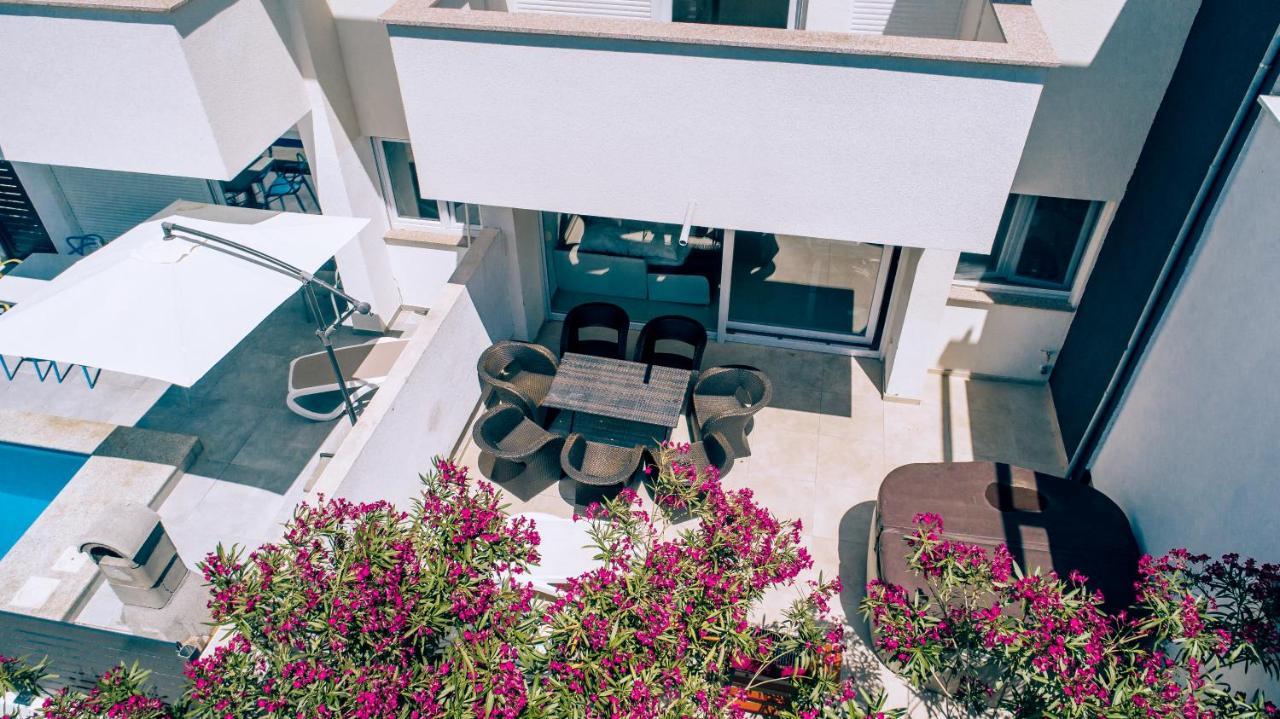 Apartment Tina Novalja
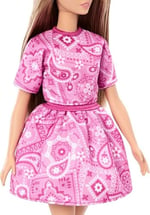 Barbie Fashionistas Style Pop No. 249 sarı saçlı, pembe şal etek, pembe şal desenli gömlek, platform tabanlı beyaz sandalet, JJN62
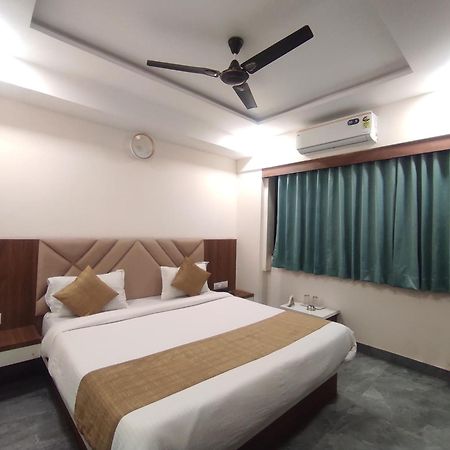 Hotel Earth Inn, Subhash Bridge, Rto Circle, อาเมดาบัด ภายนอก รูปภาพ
------------------------------------------------------------------------
Only the lines starting at the one that holds "Barbie Fashionistas Style" and ending at the last line of the data belong in your answer. Please set them down exactly and omit the pictures.

 Barbie Fashionistas Style Pop No. 249 sarı saçlı, pembe şal etek, pembe şal desenli gömlek, platform tabanlı beyaz sandalet, JJN62
 Hotel Earth Inn, Subhash Bridge, Rto Circle, อาเมดาบัด ภายนอก รูปภาพ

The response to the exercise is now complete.